Nach dem Wechsel beschloss Borussia dann aber doch, sich am Riemen zu reißen und endlich mehr Genauigkeit, Zielstrebigkeit und vor allem die vorhandene Qualität ins Offensivspiel einfließen zu lassen. Der Effekt ließ nicht lange auf sich warten: In Minute 55 brachte in Stindl Gladbachs Bester einen dieser nun konstruktiveren Angriffe mit viel Willen aus kurzer Distanz zum 1:1 im Tor unter. Und nur eine Minute später schlenzte Traoré in gewohnter Arjen-Robben-Manier den Ball von der Strafraumkante zum 2:1 für Borussia ins linke Toreck.

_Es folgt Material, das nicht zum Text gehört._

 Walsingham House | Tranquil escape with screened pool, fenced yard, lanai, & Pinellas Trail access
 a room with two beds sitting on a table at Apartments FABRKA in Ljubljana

Gladbach hatte eine krampfigen Abend binnen zwei Minuten in einen sehr erträglichen gedreht. Pauli war nun angezählt, angeknockt wie ein Boxer. Der Traum vom Pokal-Coup, er platzte im Rekordtempo. Und der Champions-League-Teilnehmer Borussia nutze dies weiter konsequent aus: Erneut Stindl — diesmal im Nachschuss — schoss die Gäste 3:1 in Front. Der für Drmic eingewechselte Thorgan Hazard sorgte in der 86. Minute für den 4:1-Endstand.

So war es am Ende doch noch ein standesgemäßer Sieg der Fohlen. Nach einer standesgemäßen zweiten Halbzeit.